Wednesday, January 18, 2017

Given $\displaystyle{f{{\left({x}\right)}}}=\frac{{{2}{x}}}{{{\left({1}+{{x}}^{{2}}\right)}}^{{2}}},{\left[{0},{2}\right]}$

Average Value Formula= $\displaystyle\frac{{1}}{{{b}-{a}}}{\int_{{a}}^{{b}}}{f{{\left({x}\right)}}}{\left.{d}{x}\right.}$

$\displaystyle{f}_{{{a}{v}{e}}}=\frac{{1}}{{{2}-{0}}}{\int_{{0}}^{{2}}}\frac{{{2}{x}}}{{{\left({1}+{{x}}^{{2}}\right)}}^{{2}}}{\left.{d}{x}\right.}$

$\displaystyle={\left(\frac{{1}}{{2}}\right)}\cdot{2}{\int_{{0}}^{{2}}}\frac{{x}}{{{\left({1}+{{x}}^{{2}}\right)}}^{{2}}}{\left.{d}{x}\right.}$

$\displaystyle={\int_{{0}}^{{2}}}\frac{{x}}{{{\left({1}+{{x}}^{{2}}\right)}}^{{2}}}{\left.{d}{x}\right.}$

Integrate using the u-subsitution method.
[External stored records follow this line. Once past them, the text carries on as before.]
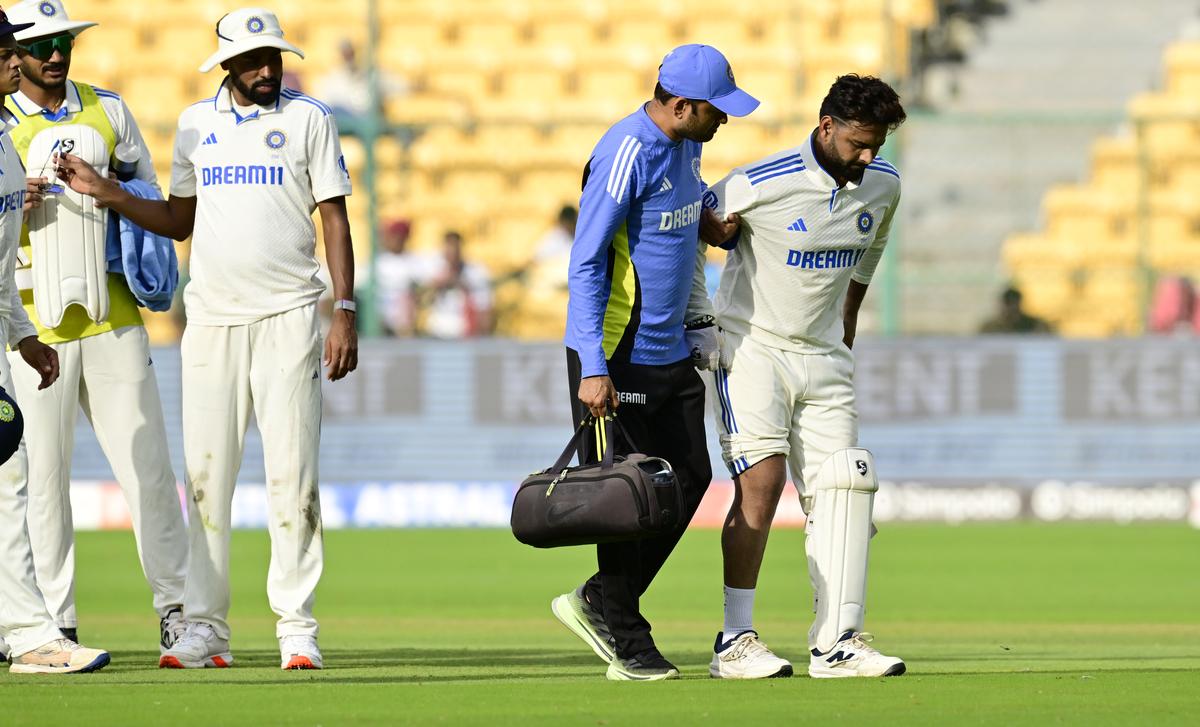 India’s wicketkeeper Rishabh Pant hobbles off.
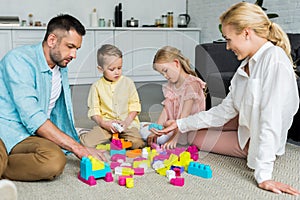 family with two kids sitting on carpet and playing with colorful blocks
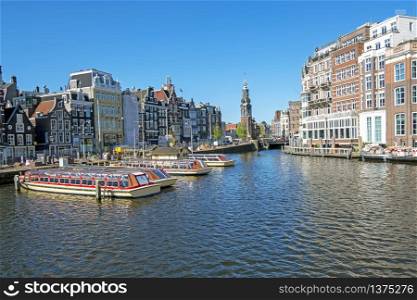 City scenic from Amsterdam with the Munt tower in the Netherlands at the river Amstel
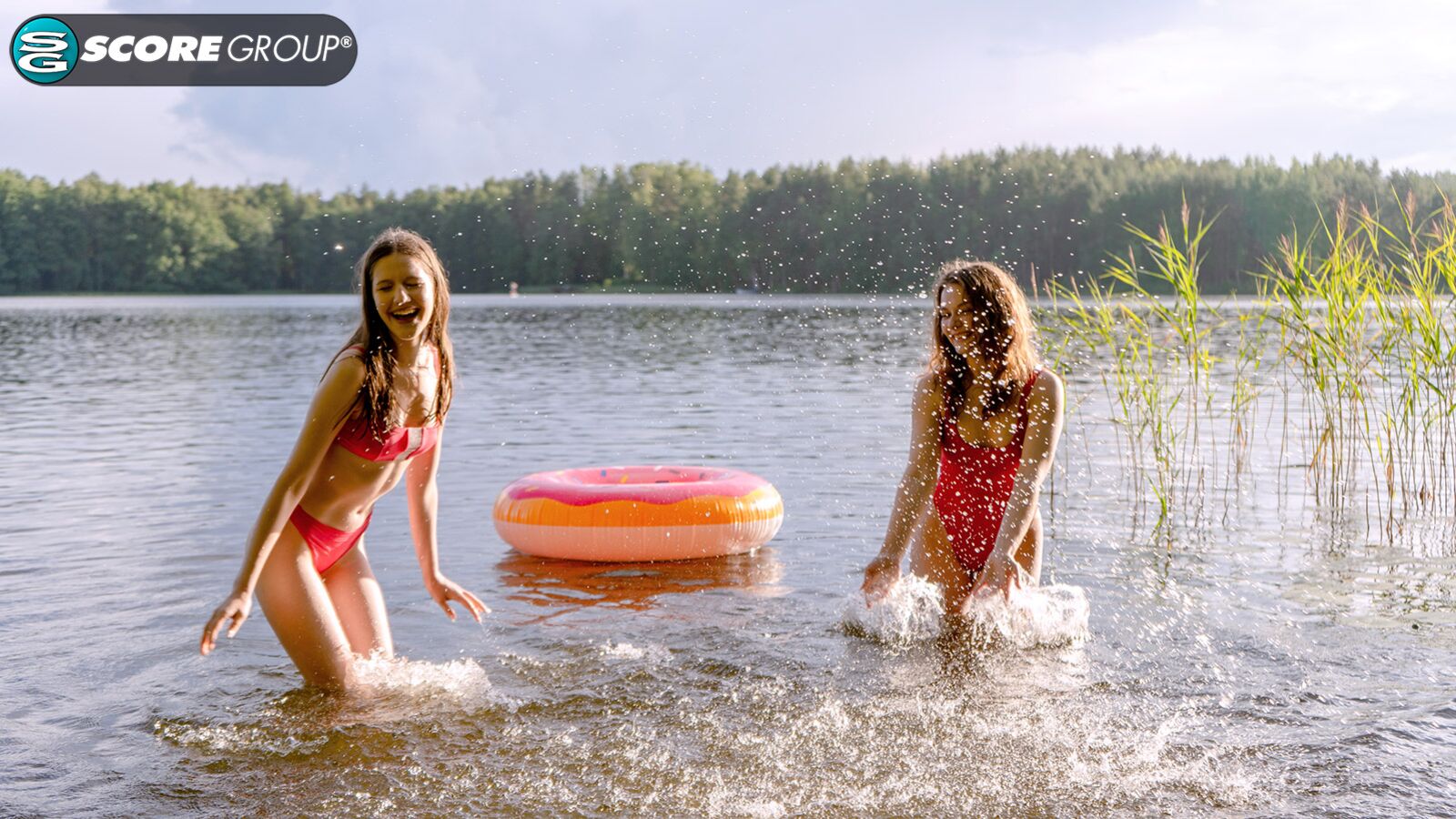 Margo Von Teese and Simona splash each other in their bikinis in a lake before eating each other out on the beach.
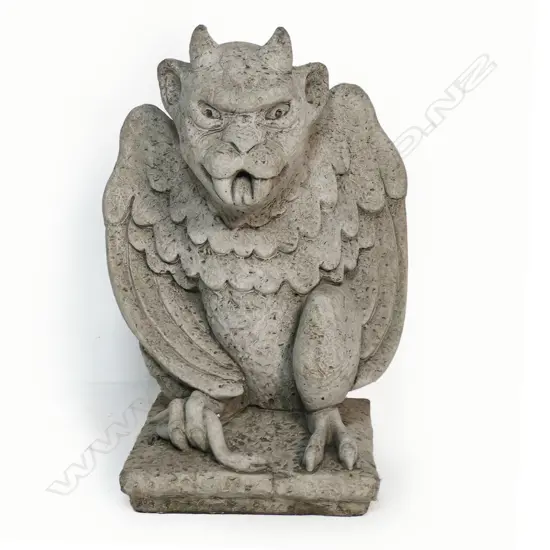 A concrete garden winged gargoyle - with snake clasped to its right foot. H.470mm.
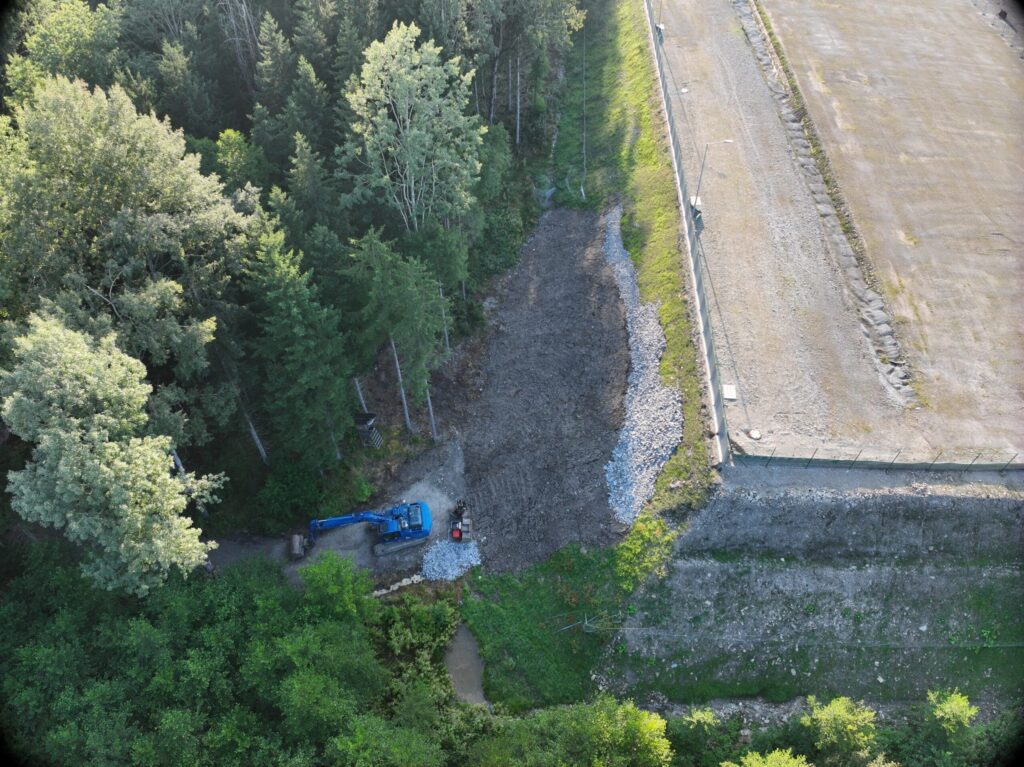 Aerial view of a landfill embankment with drainage channel and excavator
Let $\displaystyle{u}={1}+{{x}}^{{2}}$

$\displaystyle\frac{{{d}{u}}}{{\left.{d}{x}}}={2}{x}$

$\displaystyle{\left.{d}{x}\right.}=\frac{{{d}{u}}}{{{2}{x}}}$

$\displaystyle={\int_{{0}}^{{2}}}\frac{{x}}{{{u}}^{{2}}}\cdot\frac{{{d}{u}}}{{{2}{x}}}$

$\displaystyle={\left(\frac{{1}}{{2}}\right)}{\int_{{0}}^{{2}}}{\left(\frac{{1}}{{{u}}^{{2}}}\right)}{d}{u}$

$\displaystyle={\left(\frac{{1}}{{2}}\right)}{\int_{{0}}^{{2}}}{\left({{u}}^{{-{{2}}}}\right)}{d}{u}$

$\displaystyle={\left(\frac{{1}}{{2}}\right)}\frac{{{{u}}^{{-{{1}}}}}}{{-{1}}}{{\mid}_{{0}}^{{2}}}$

$\displaystyle={\left(-\frac{{1}}{{2}}\right)}{{\left[\frac{{1}}{{u}}\right]}_{{0}}^{{2}}}$

$\displaystyle={\left(-\frac{{1}}{{2}}\right)}{{\left[\frac{{1}}{{{1}+{{x}}^{{2}}}}\right]}_{{0}}^{{2}}}$

$\displaystyle={\left(-\frac{{1}}{{2}}\right)}{\left[\frac{{1}}{{{1}+{{\left({2}\right)}}^{{2}}}}-\frac{{1}}{{{1}-{{0}}^{{2}}}}\right]}$

$\displaystyle={\left(-\frac{{1}}{{2}}\right)}{\left[\frac{{1}}{{5}}-{1}\right]}$

$\displaystyle={\left(-\frac{{1}}{{2}}\right)}{\left(-\frac{{4}}{{5}}\right)}$

$\displaystyle=\frac{{2}}{{5}}$

The average value is 2/5.